Pacts, Paratext, and Polyphony: Writing the Authorised Biography of Robert Wyatt

 

ABSTRACT

The British musician Robert Wyatt has released two top 40 hits and, in 1974s Rock Bottom, at least one album that features in the popular music canon. Wyatt has performed on Top of the Pops and has appeared on several magazine covers. Wyatt is not an archetypal celebrity in the terms outlined by celebrity theorists, in that the media continues to focus primarily on his public rather than private life; yet he has certainly achieved cult status among popular music fans. In this article, I critically reflect on the experience of writing Wyatt’s biography, focusing in particular on challenges and opportunities related to the book’s authorised status. While authorised biography has been criticised as ‘autobiography in disguise’, I argue that there is in fact a clear distinction between authorised biography and ghostwritten autobiography, a distinction I frame with reference to the paratext and the autobiographical pact as well as the musical notion of polyphony. Though I focus primarily on my biography of Wyatt, my reflections shed new light on the broader interconnections of celebrity and life writing, particularly in relation to the relatively neglected topic of authorised biography.

Disclosure statement

No potential conflict of interest was reported by the author.

Notes on contributor

Marcus O’Dair is Associate Professor in Music and Innovation at Middlesex University, and convenor of the Blockchain for Creative Industries teaching and research cluster. He has contributed to the edited collections Jazz and Totalitarianism (Routledge 2017) and Punk Pedagogies (Routledge 2018), as well as to academic journals including Popular Music, Strategic Change and IASPM@Journal.
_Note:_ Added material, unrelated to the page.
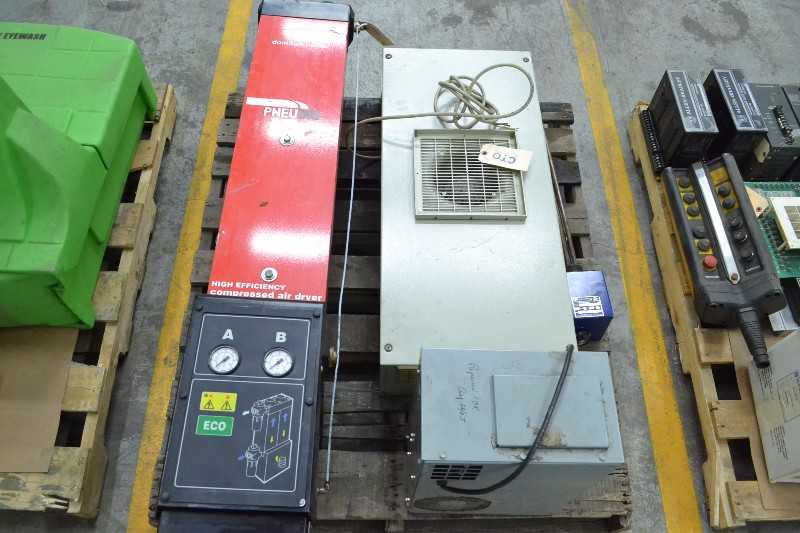 1 PALLET OF ASSORTED HEATING AND COOLING UNITS, AIR CONDITIONERS, DRYERS, IMMERSION HEATERS (OHIO) - MISCELLANEOUS
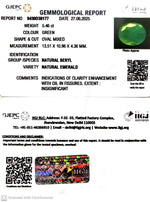 Load image into Gallery viewer, 5.46/CT Natural Panna Stone with Govt. Lab Certificate (6771)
Different Every Time, his 2014 biography of Robert Wyatt, was a Radio 4 book of the week and was shortlisted for the Penderyn music book prize. A former session musician with Passenger, he has also released three acclaimed albums and toured Europe as one half of Grasscut.

Notes

1 The individual life, for Woolf, should be placed in the context of family, inheritance, influences, environment, and so on. The specific quote runs as follows: ‘I see myself as a fish in a stream; deflected; held in place, but cannot describe the stream’ (Woolf Citation1985, 80).

2 The only exception to this rule were those few individuals with no public profile and whom I could not feasibly reach myself, for instance Wyatt’s son, Sam Ellidge.

3 Jobs does, however, seem to have been interested in how he was portrayed on the book’s cover, a key part of the paratext (Isaacson Citation2011, xviii).